Work required:
Retype only what runs from the first line of the records to the line with "Green Heart Diamond Necklace - Image 3", inclusive, and no pictures.

=== Raw data ===

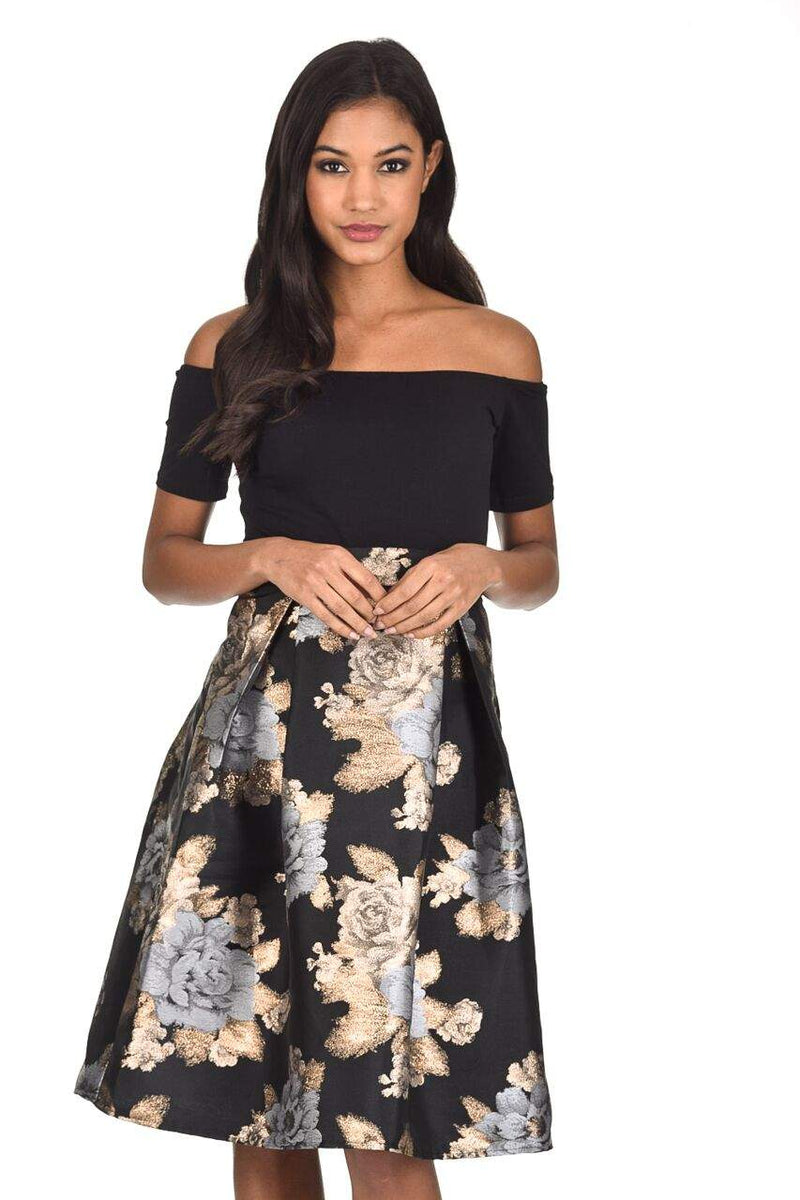 Black and Gold Two In One Floral Skater Dress AX Paris Black and Gold Two In One Floral Skater Dress AX Paris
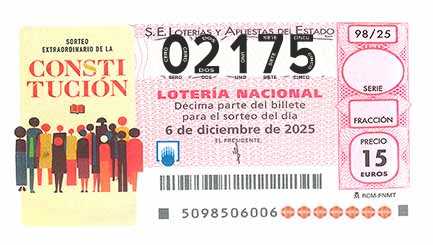 Décimo 02175 del sorteo 98-06/12/2025 Sábado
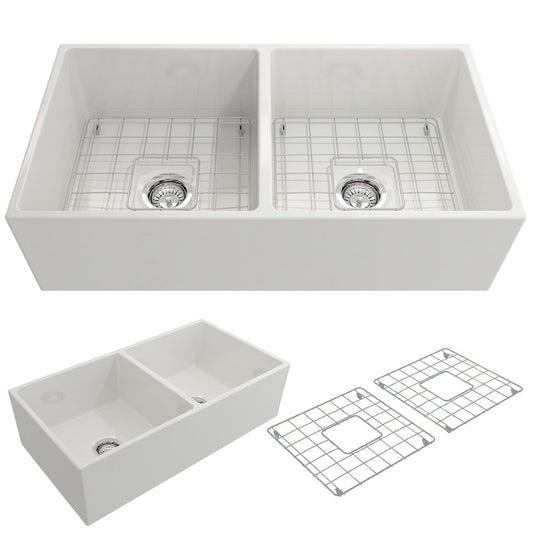 Contempo 36" x 19" x 10" Double-Basin Farmhouse Apron Front Kitchen Sink in White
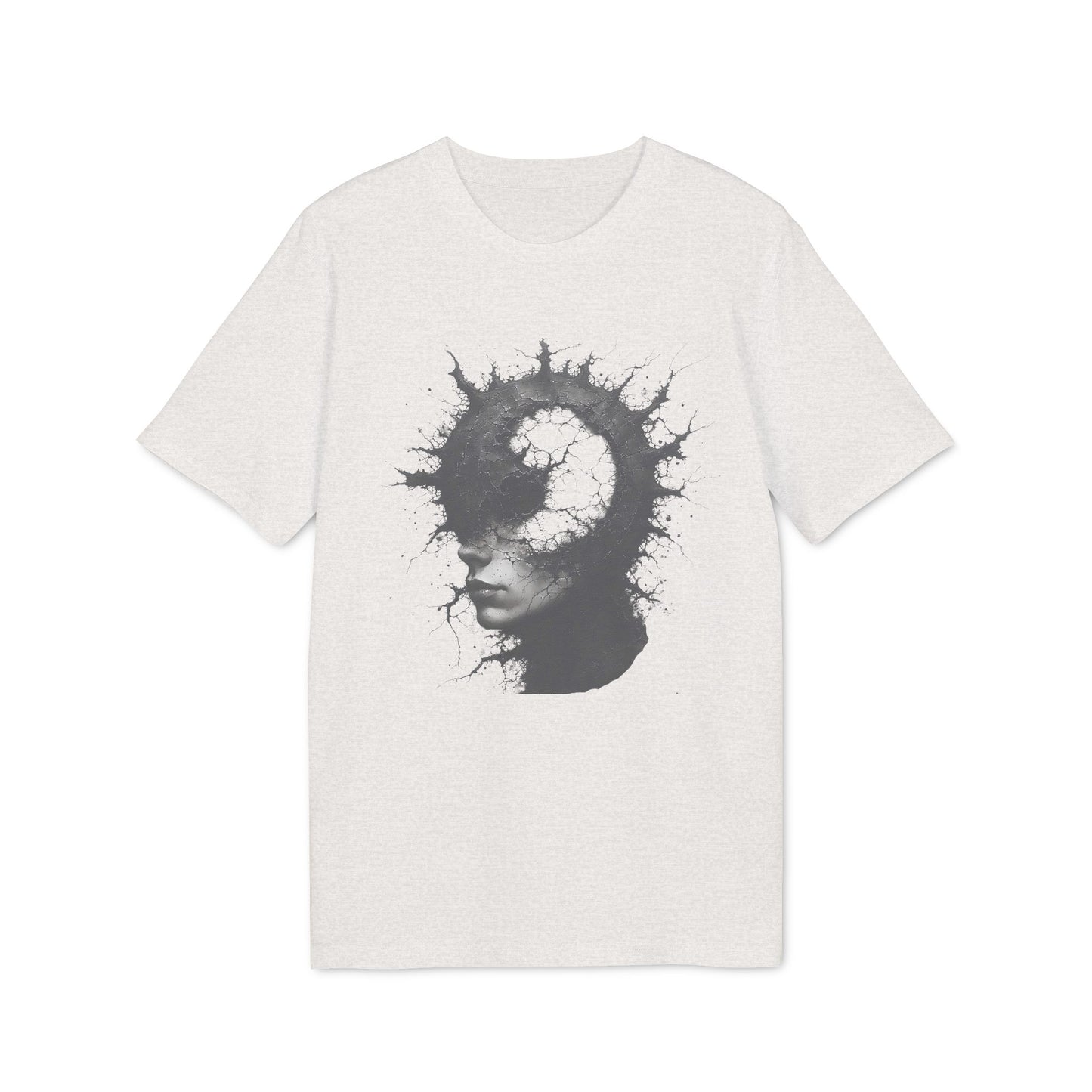 Ucique Spiral Mind T-Shirt – Surreal Cracked Head Design | Organic Cotton Eco Streetwear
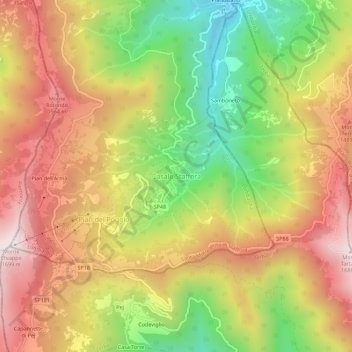 Casale Staffora topographic map, elevation, terrain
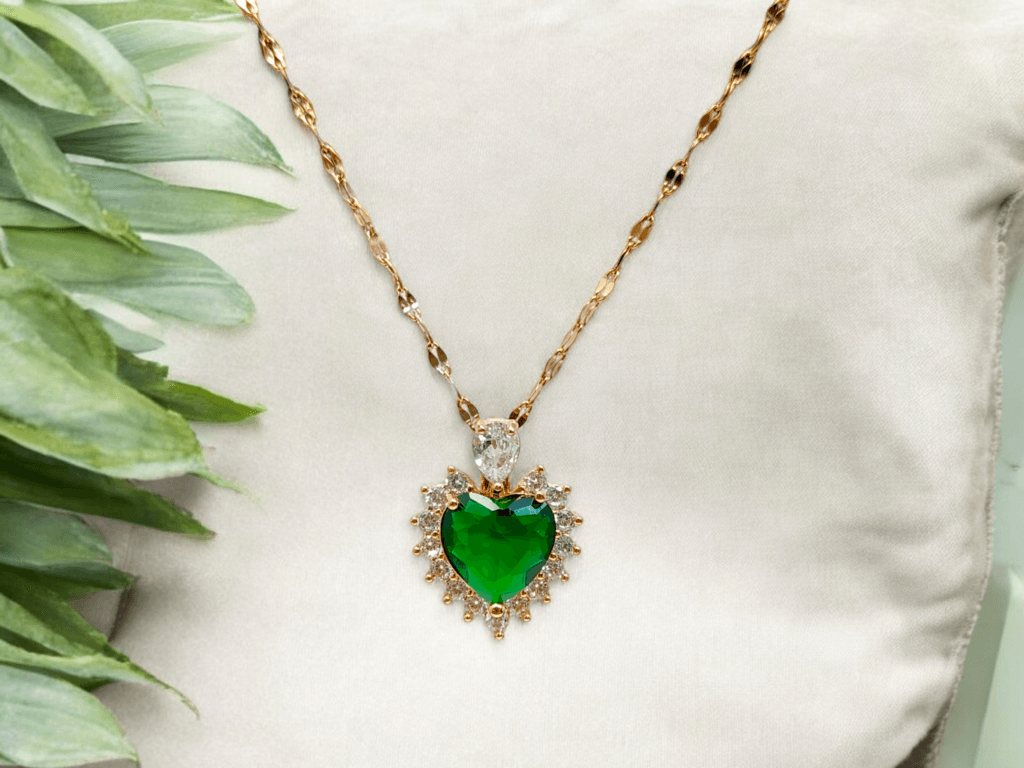 Green Heart Diamond Necklace - Image 3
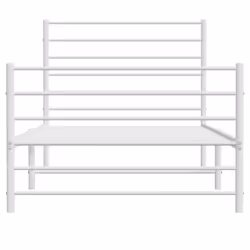 vidaXL Metal Bed Frame with Headboard Bed Base Mattress Foundation Bedstead - white, 90 x 190 cm/with headboard & footboard - Additional view 8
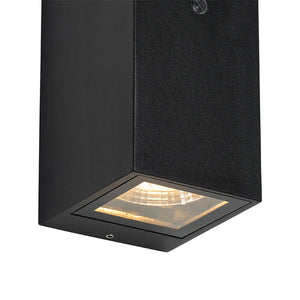 Buitenlamp met schemersensor Up Down 'Karl' 2X GU10 zwart
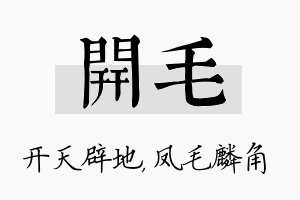 开毛名字的寓意及含义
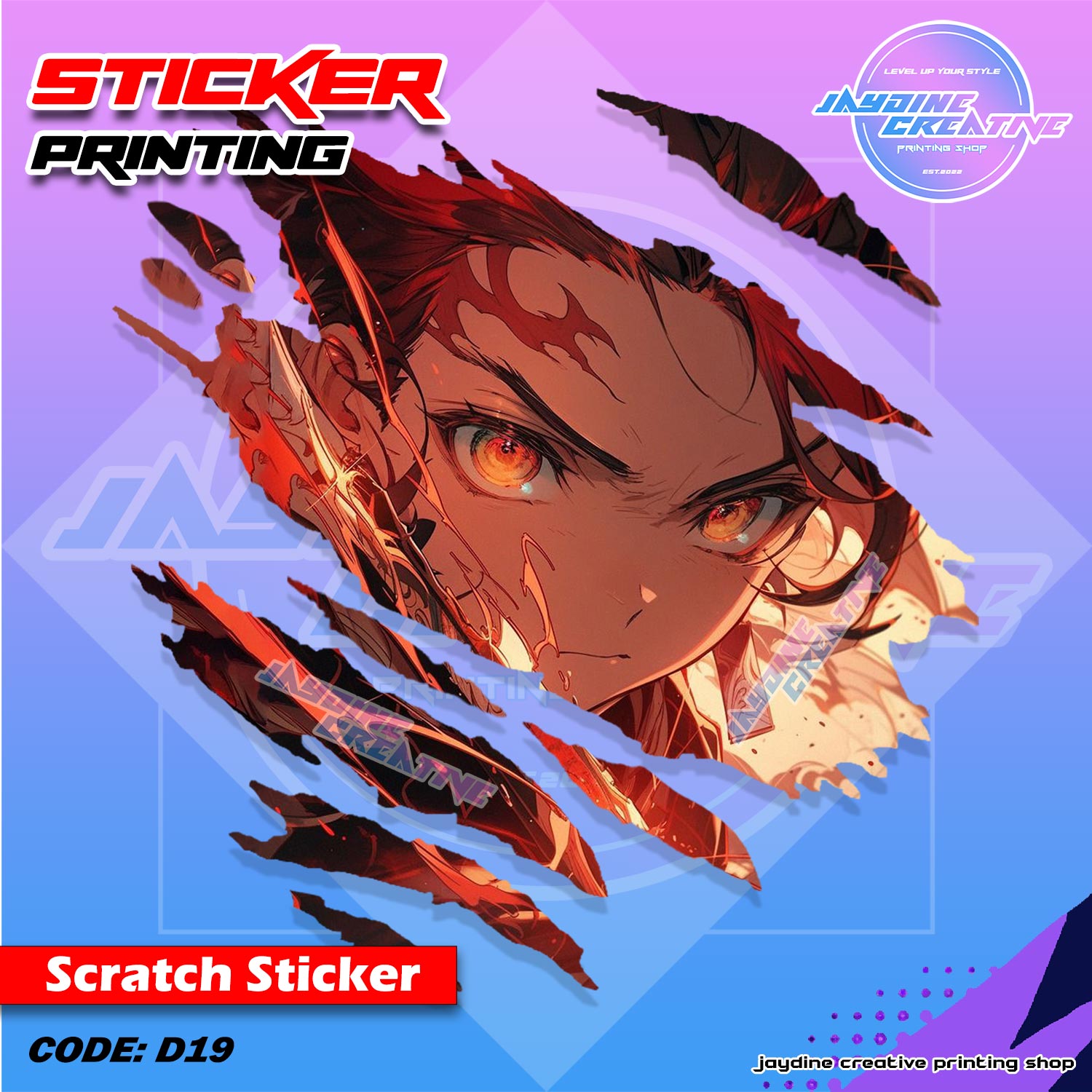 All Anime Inspired Scratch Design Sticker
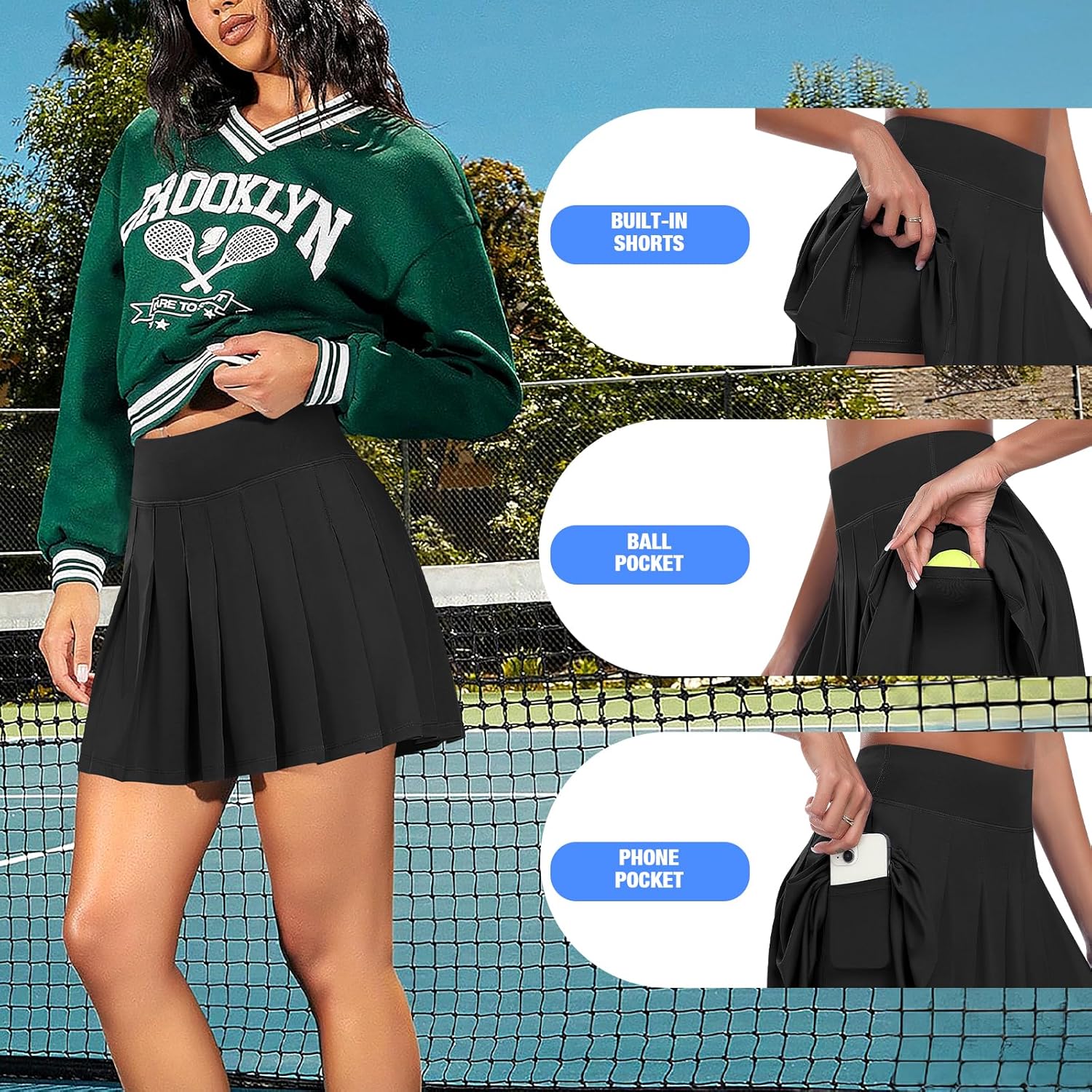 JoyGirl Womens Pleated Skirt with Shorts Tennis Skirt School Uniform Skirts Mini Skater Skirts Skorts with Pockets - Image 5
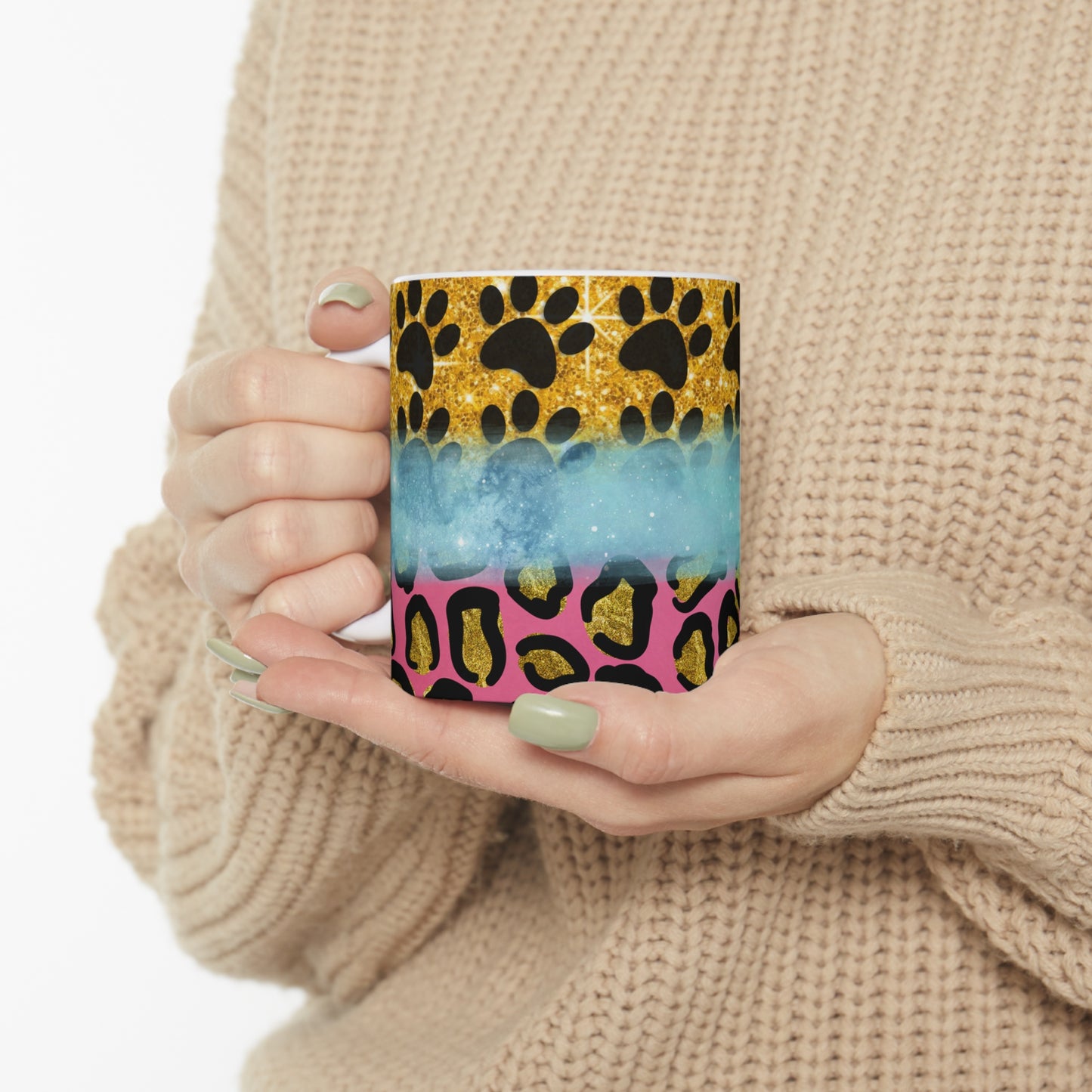 Paws and Animal Print Ceramic Mug 11oz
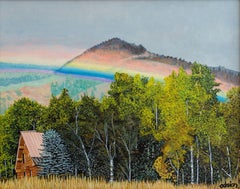 Mountain Rainbow, Painting, Acrylic on MDF Panel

===

Answer space:
 Black and Gold Two In One Floral Skater Dress AX Paris Black and Gold Two In One Floral Skater Dress AX Paris
 Décimo 02175 del sorteo 98-06/12/2025 Sábado
 Contempo 36" x 19" x 10" Double-Basin Farmhouse Apron Front Kitchen Sink in White
 Ucique Spiral Mind T-Shirt – Surreal Cracked Head Design | Organic Cotton Eco Streetwear
 Casale Staffora topographic map, elevation, terrain
 Green Heart Diamond Necklace - Image 3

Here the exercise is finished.